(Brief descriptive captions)
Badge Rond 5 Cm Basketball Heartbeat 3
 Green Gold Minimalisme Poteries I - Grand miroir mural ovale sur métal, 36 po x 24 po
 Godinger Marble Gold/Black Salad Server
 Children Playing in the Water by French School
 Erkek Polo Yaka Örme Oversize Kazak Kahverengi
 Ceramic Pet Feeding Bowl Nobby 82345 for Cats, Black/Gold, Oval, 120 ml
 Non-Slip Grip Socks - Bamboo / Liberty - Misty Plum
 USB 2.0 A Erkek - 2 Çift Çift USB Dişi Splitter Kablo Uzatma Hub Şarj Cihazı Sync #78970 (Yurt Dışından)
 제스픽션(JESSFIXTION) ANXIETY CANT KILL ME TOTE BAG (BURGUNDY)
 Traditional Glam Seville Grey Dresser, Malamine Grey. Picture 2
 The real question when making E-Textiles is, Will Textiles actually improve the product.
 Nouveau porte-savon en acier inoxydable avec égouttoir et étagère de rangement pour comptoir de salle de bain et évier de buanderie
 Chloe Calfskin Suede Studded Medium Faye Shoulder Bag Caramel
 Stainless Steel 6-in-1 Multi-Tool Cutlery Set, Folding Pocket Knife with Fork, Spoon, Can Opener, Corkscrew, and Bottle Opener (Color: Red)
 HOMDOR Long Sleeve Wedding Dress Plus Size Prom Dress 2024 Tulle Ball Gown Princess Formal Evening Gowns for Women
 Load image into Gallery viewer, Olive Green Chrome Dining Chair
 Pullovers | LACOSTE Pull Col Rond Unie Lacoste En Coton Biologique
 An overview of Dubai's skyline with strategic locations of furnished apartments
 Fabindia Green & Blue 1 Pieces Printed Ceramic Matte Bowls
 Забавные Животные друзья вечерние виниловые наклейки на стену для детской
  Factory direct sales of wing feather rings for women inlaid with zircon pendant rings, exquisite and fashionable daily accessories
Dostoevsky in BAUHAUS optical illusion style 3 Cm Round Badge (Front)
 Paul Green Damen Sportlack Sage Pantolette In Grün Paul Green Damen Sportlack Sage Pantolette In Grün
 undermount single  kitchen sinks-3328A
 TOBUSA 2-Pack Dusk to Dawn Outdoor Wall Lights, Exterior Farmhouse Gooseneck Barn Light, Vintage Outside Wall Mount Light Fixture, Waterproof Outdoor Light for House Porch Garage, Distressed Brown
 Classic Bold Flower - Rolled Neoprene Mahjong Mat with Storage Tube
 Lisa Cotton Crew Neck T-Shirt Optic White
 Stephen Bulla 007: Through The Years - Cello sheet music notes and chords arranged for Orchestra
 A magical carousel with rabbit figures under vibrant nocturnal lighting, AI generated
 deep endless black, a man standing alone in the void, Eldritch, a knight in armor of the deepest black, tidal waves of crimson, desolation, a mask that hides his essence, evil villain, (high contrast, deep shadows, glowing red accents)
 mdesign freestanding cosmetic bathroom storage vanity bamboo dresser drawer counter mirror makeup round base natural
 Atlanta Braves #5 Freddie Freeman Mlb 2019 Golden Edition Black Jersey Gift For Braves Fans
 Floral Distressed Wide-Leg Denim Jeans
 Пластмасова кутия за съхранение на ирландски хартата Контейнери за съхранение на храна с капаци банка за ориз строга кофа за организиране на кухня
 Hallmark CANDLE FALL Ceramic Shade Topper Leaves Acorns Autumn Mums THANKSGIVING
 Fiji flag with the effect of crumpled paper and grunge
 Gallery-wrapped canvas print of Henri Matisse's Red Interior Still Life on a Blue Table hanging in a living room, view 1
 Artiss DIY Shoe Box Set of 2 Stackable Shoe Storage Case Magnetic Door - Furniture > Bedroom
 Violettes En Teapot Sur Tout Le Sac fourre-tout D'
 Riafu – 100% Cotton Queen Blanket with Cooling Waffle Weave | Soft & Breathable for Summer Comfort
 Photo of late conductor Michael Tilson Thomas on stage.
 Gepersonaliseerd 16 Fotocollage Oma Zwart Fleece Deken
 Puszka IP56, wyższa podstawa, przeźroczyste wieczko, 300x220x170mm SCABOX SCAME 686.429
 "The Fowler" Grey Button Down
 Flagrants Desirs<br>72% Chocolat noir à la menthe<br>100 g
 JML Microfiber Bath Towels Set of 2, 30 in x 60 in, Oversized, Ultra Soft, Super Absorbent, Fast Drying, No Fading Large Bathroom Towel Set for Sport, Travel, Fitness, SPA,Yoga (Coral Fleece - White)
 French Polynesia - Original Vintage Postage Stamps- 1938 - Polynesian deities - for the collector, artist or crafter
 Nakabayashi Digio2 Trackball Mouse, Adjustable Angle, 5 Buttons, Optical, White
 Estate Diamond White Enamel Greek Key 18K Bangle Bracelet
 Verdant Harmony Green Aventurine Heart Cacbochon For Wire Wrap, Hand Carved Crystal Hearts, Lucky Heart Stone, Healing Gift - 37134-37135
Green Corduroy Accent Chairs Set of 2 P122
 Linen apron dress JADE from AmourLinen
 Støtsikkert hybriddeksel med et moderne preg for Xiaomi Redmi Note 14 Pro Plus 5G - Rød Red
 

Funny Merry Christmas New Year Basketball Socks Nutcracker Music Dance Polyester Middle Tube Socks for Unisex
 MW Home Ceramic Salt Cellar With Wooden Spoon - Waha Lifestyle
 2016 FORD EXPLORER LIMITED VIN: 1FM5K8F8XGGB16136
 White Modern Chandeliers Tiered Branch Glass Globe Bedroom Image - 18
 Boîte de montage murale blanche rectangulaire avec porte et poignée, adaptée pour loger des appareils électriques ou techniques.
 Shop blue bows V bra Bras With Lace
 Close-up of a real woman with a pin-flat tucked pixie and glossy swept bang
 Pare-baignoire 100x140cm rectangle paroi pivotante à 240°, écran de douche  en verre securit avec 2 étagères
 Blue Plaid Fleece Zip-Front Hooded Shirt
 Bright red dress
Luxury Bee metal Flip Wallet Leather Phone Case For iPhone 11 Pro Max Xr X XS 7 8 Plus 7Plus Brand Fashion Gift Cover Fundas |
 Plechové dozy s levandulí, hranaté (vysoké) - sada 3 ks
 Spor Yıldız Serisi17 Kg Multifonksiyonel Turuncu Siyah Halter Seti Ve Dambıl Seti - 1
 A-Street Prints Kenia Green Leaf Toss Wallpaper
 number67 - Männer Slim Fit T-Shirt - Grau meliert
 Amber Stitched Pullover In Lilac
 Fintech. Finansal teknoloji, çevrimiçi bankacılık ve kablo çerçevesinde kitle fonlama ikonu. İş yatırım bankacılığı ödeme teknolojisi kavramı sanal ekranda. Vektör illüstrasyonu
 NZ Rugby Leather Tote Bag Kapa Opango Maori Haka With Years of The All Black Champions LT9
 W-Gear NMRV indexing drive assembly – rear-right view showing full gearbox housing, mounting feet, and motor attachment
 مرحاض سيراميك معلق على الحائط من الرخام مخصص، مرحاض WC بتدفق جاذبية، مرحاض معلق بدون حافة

### HOW TO COMPLETE THIS TASK
As listed above, the lines from the line with "French Polynesia - Original" to the line with "Estate Diamond White" are to be echoed exactly, with both ends included and nothing added.

### ANSWER AREA
 French Polynesia - Original Vintage Postage Stamps- 1938 - Polynesian deities - for the collector, artist or crafter
 Nakabayashi Digio2 Trackball Mouse, Adjustable Angle, 5 Buttons, Optical, White
 Estate Diamond White Enamel Greek Key 18K Bangle Bracelet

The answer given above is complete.